**What to do:**
Transcribe all of the entries below exactly. Leave out the pictures.

Data excerpts section start

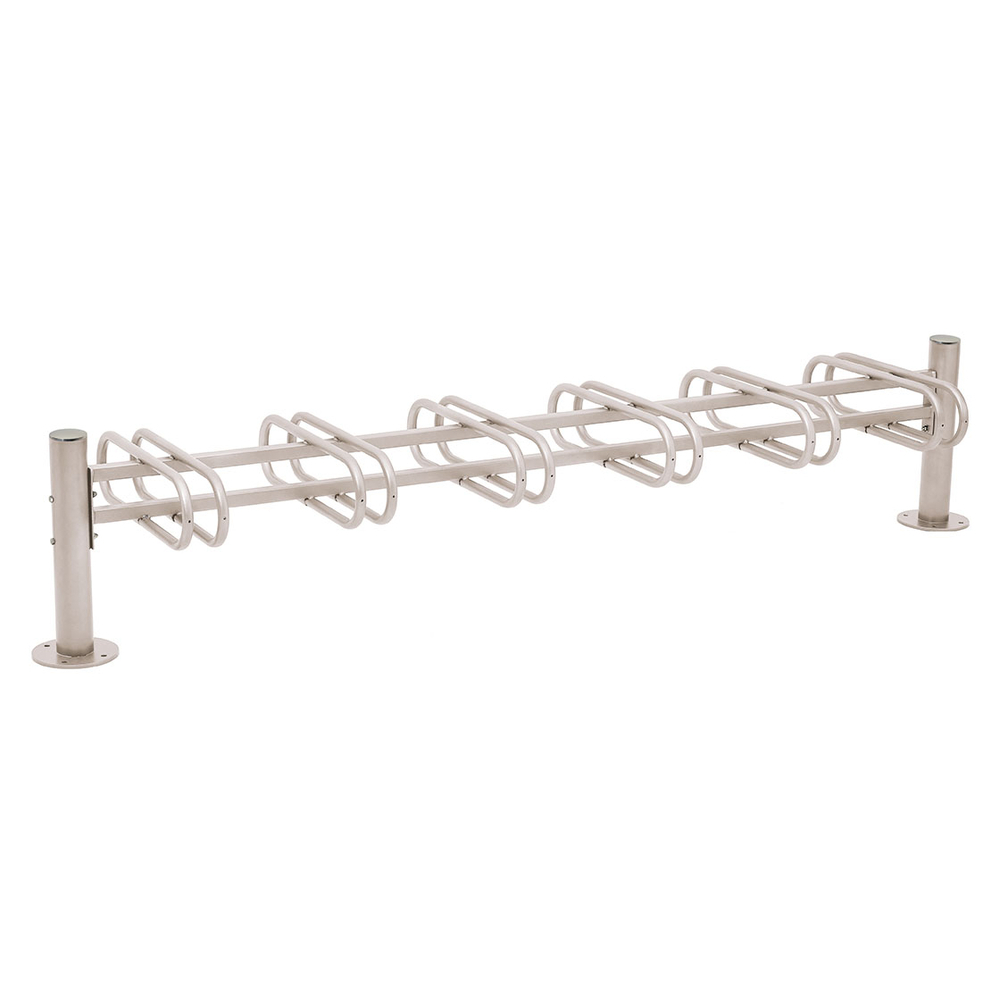 Support cycles Province Inox brossé RAL7044 - 6 places - double face - PROCITY - 207323.7044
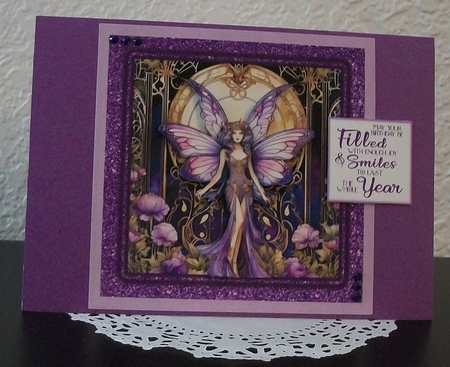 Gorgeous Fairy In Purple 7 x 7 Card by Teddi Phillips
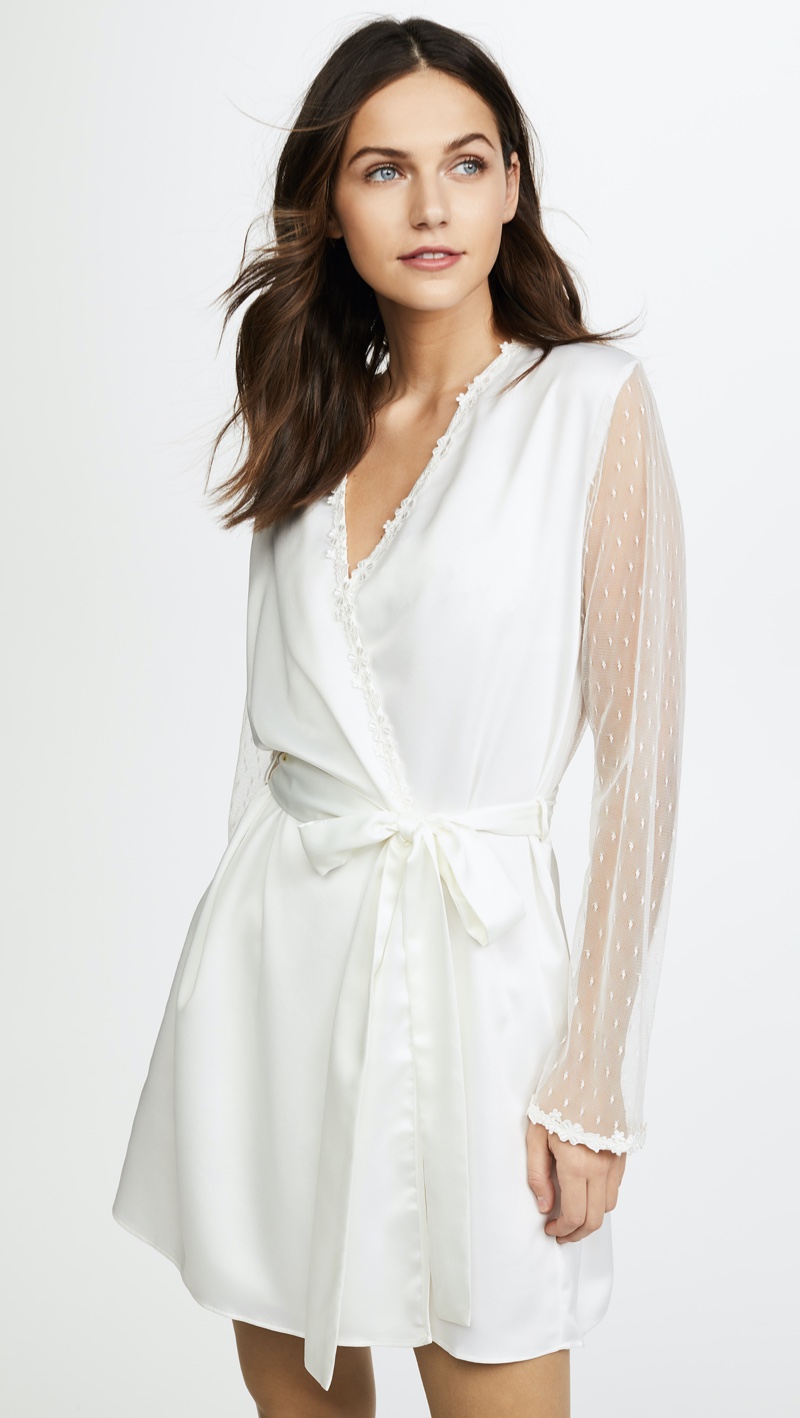 Flora Nikrooz Showstopper Charmeuse Robe with Lace in Ivory $88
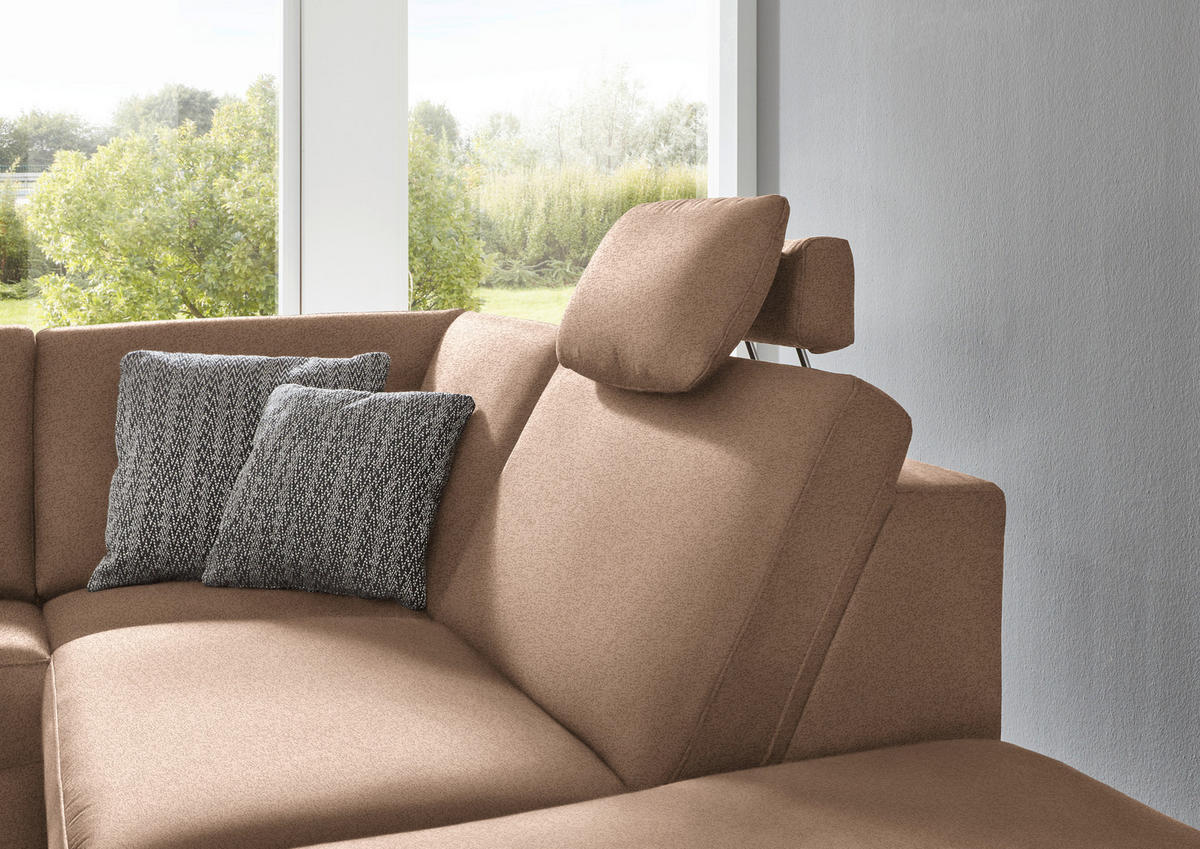 ECKSOFA in Mikrofaser Sandfarben  - Sandfarben/Alufarben, Design, Textil/Metall (275/242cm) - Dieter Knoll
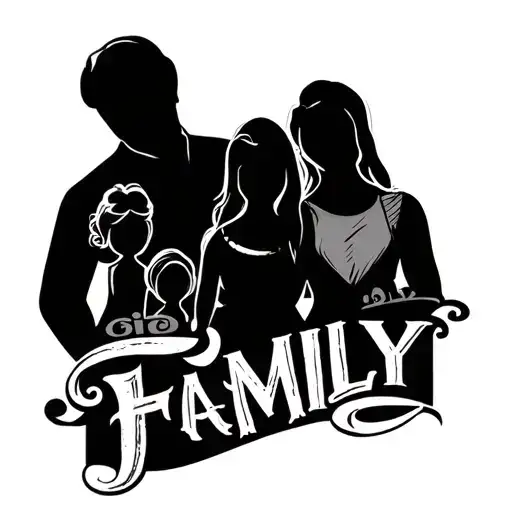 Family Design With Letterings Sim Family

Data excerpts section end

**Answer section:**
 Support cycles Province Inox brossé RAL7044 - 6 places - double face - PROCITY - 207323.7044
 Gorgeous Fairy In Purple 7 x 7 Card by Teddi Phillips
 Flora Nikrooz Showstopper Charmeuse Robe with Lace in Ivory $88
 ECKSOFA in Mikrofaser Sandfarben  - Sandfarben/Alufarben, Design, Textil/Metall (275/242cm) - Dieter Knoll
 Family Design With Letterings Sim Family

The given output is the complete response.